Air academy's weekend packed with family fun
Publication: Florida Today
Date: March 28, 2007
Writer: Joan Bixby

MELBOURNE - Good fortune, coupled with fine leadership decisions, assured the success of Florida Air Academy's 2007 Spring Family Weekend.

On Friday night, Coach Aubin Goporo guided the FAA basketball team to a state championship.

On Saturday, FAA officials switched the schedule for classroom visits and the military parade hoping that the early morning rain wouldn't resume and rain on their parade. The decision saved the day.

The Hall of Flags, FAA's reception area, teemed with cadets, faculty and family members, visitors and friends as they waited for the parade to begin. Resplendent in red and white uniforms, drum and bugle corps members were easy to spot among the sea of deep blue uniforms worn by the other cadets.

Assembling on Falcon Field behind the administration building, the cadets fell into formations.

Merritt Island's Mary McGarvey, wearing a red FAA drum and bugle windbreaker, watched the event with her husband, Blaise, by her side. Their bugle-playing, 14-year-old son, Sean, is in his first year at FAA, in the ninth grade.

"Sean wanted to attend the academy for the past three years," he said. "The school has turned a good student into a great one."

Eleanor Eversley flew up from Grand Turk Island to see her son, Edmond, a 16-year-old who transferred from Cocoa High School in January. She pointed out that Edmond was easy to spot because, at 6-foot-10-inches, he was the tallest cadet in the corps.

A basketball player, he enrolled too late to be considered for this year's team. Following the parade, camera and video lights flashed in the Hall of Flags as parents recorded memories of cadets with their family members or friends before groups left to tour classroom facilities.

Cadet Mari Jang from Fairfax, Virginia, joined her mother, Hae Kim, her sister, Yuri and family friend Joan Yoo for the tour. Mari, a tenth-grade student in her first year at FAA, said she felt at home in the military environment since her father is a retired U.S. Marine.

In addition to brochures, maps and written information available in the reception area, a video presentation ran pictures and quotes from parents and cadets. A silent auction of students' art also attracted visitor's attention. Two class leaders, Christian Bishop, senior class president and Chris Madden, senior class vice president, sold raffle tickets for a catered dinner for four at a location of choice in Melbourne to raise money for the class of 2007.

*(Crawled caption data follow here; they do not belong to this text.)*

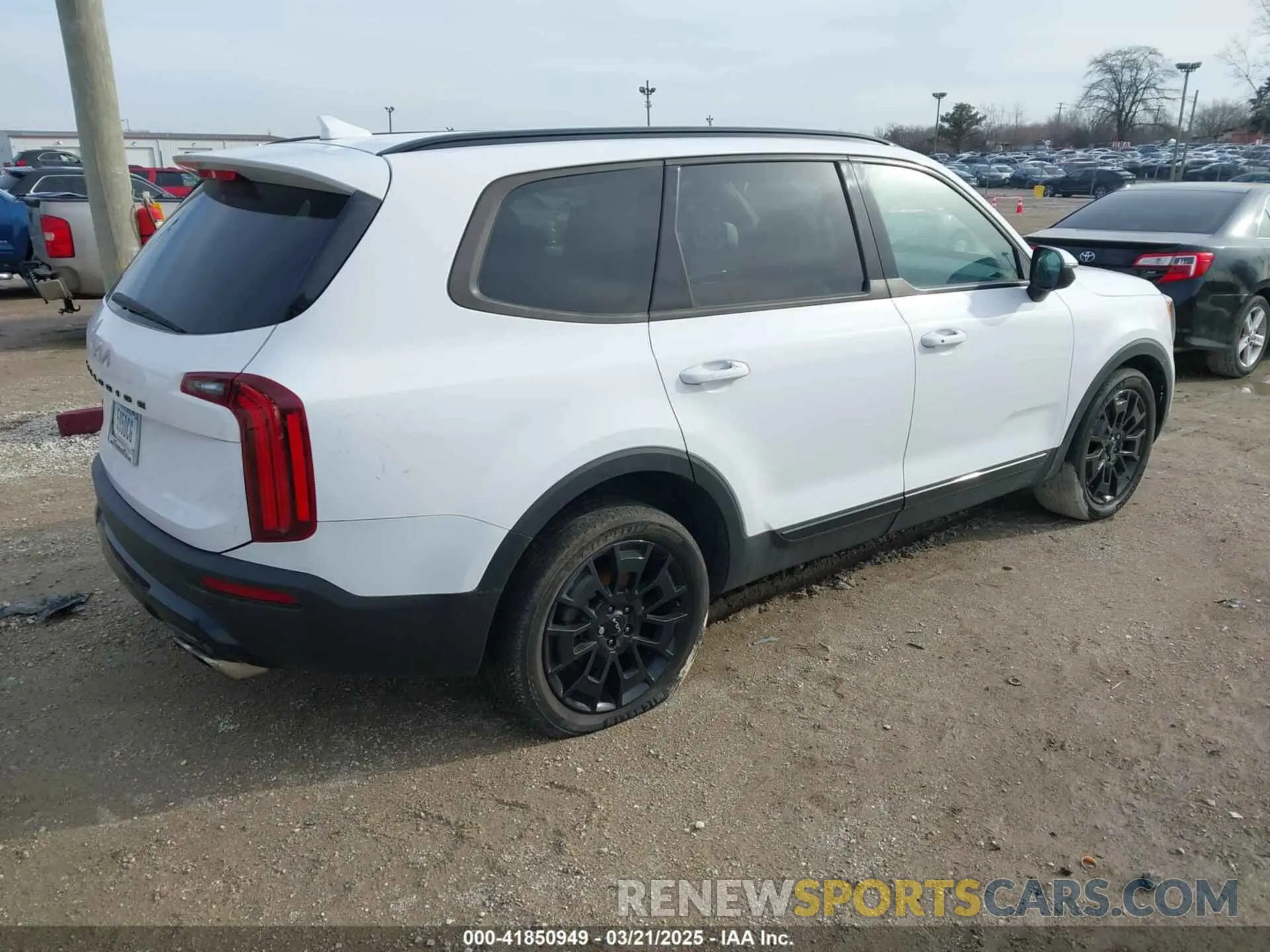 4 Photograph of a damaged car 5XYP3DHC3NG204367 KIA TELLURIDE 2022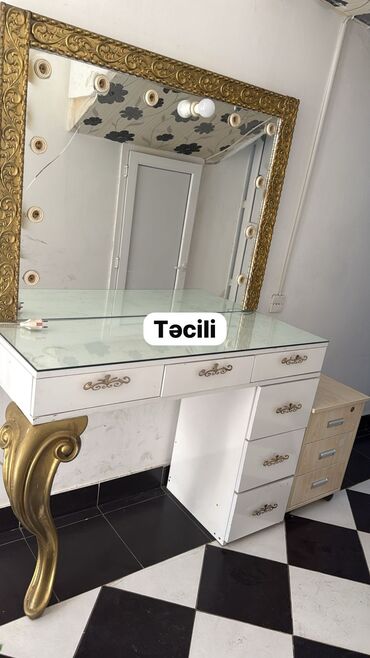 mr fix qiymeti: İşlənmiş, Makiyaj üçün masa, Güzgülü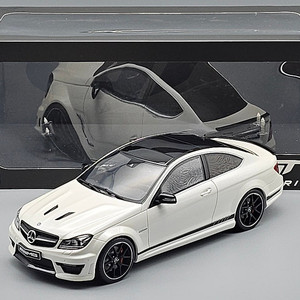1:18 스케일 벤츠 다이캐스트 모형 다수 판매합니다. (Mercedes Benz)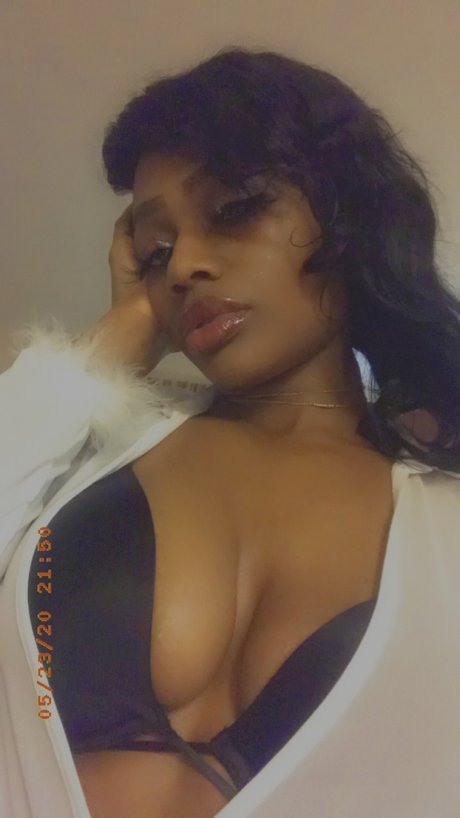 Nacktes geleaktes OnlyFans-Foto von Prettiest Pisces 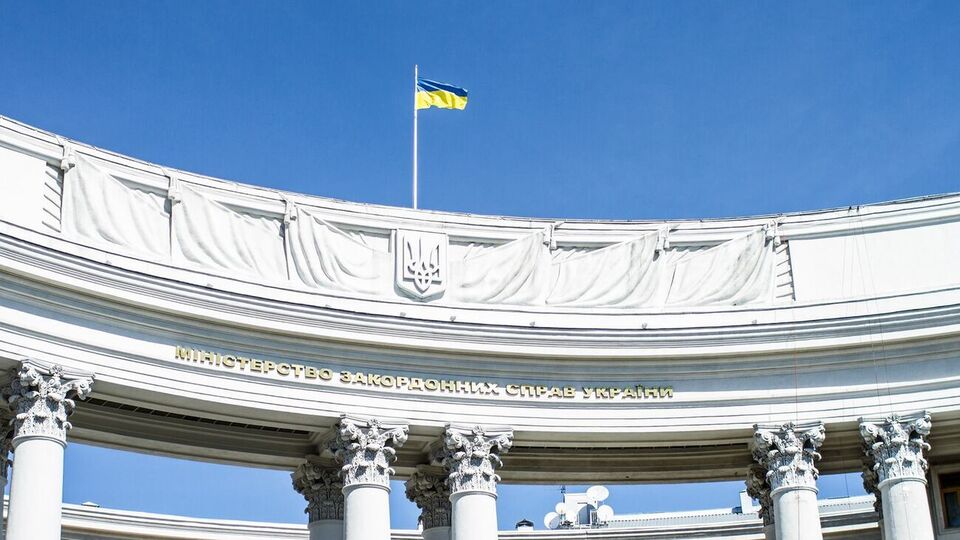 У МЗС зазначили, що з російськими військовополоненими поводяться гуманно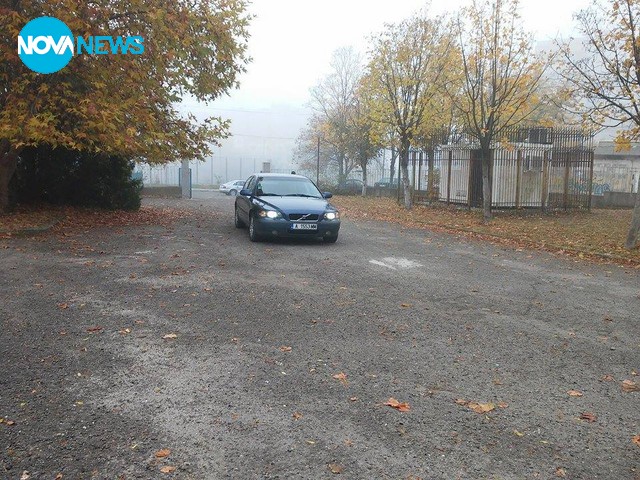 Училищен двор-паркинг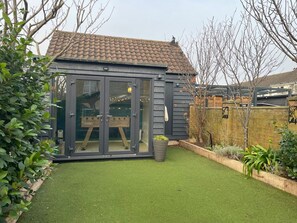 Outdoor dining - Happy Place Sheringham Norfolk (Sheringham)
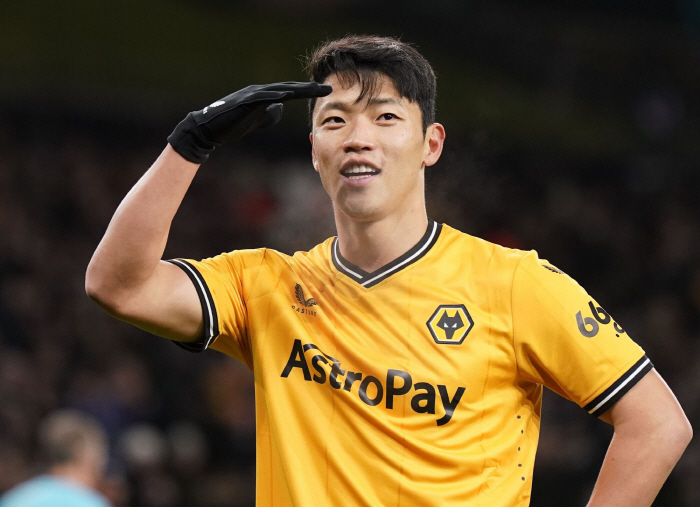 Hwang Heechan is finally leaving? Suggestion of separation on social media → Age enough to challenge the interests of several clubs...countdown to say goodbye to Wolverhampton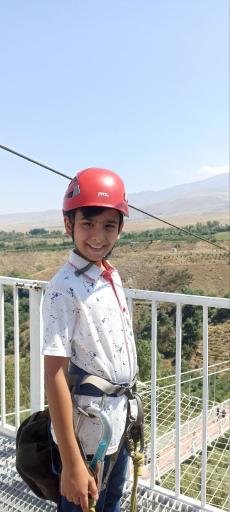 عکس زیپ لاین پل معلق مشگین شهر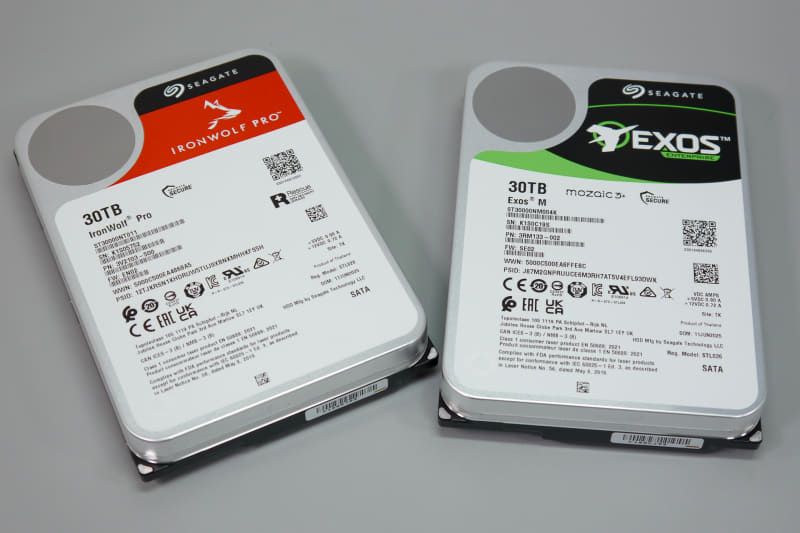 HAMR技術を採用したMozaic 3+対応のHDD。Seagate IronWolf Pro（左）とExos M（右）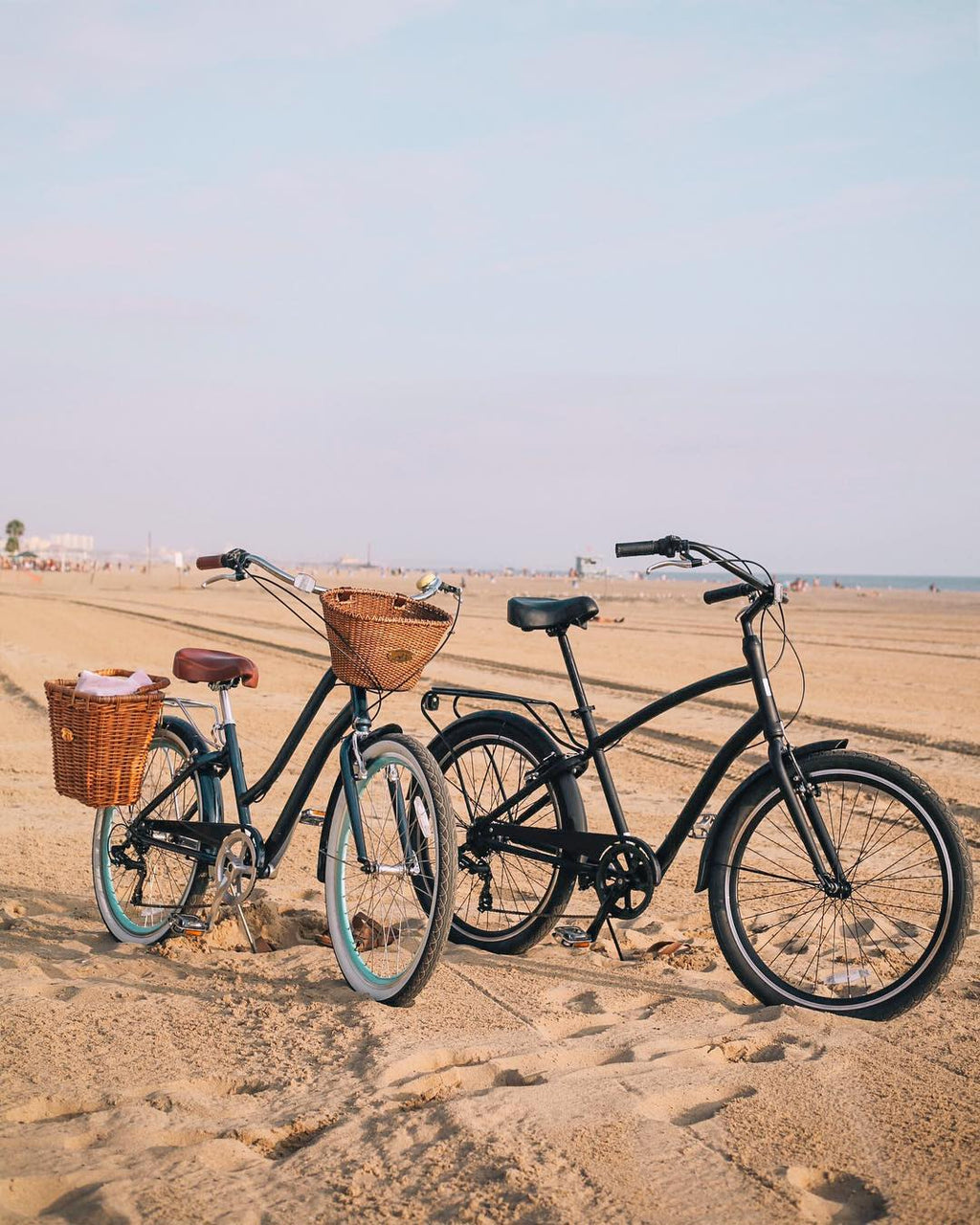 sixthreezero EVRYjourney Men's 26" 21 Speed Steel Sport Hybrid Cruiser Bicycle — product view 70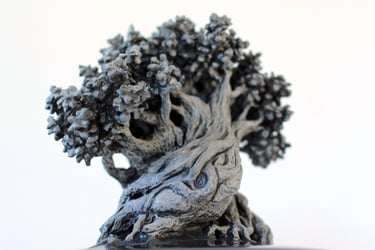 Graine 28, sculpture en marbre noir golzine par le sculpteur Herrel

Many cadets wore purple orchid leis that had been sent ahead by Cadet Nick Twyman's parents visiting from Hawaii. Nick is the academy's drum major and many of the five dozen beautiful floral gifts shipped to the campus encircled drum and bugle corps members' necks.

The International Festival set up in the gym was the final stop of the day for visitors. Tastes of traditional foods from more than 30 countries were stationed around the room in tribute to the international community represented by the student body of FAA.

Many relatives, such as cadet Alex Grossman's mom, Terri Gust, and grandmother, Betty Pisle; and cadet Sarah Maples' mom, Brenda, and sister, Katie, helped serve.

According to the school's Web site, students from 19 different countries currently attend the academy.

The school's first graduating female student, Lacy Richardson, and her younger sister, Shelby, a 10th-grader, were largely responsible for entertainment at the festival.

Inside the gym, Lacy arranged an exhibition of ballroom dancing and outside, Shelby who belongs to co-ed Boy Scout Venture Crew 71, arranged for a demonstration of Native American drumming and singing together with a display of Native American regalia.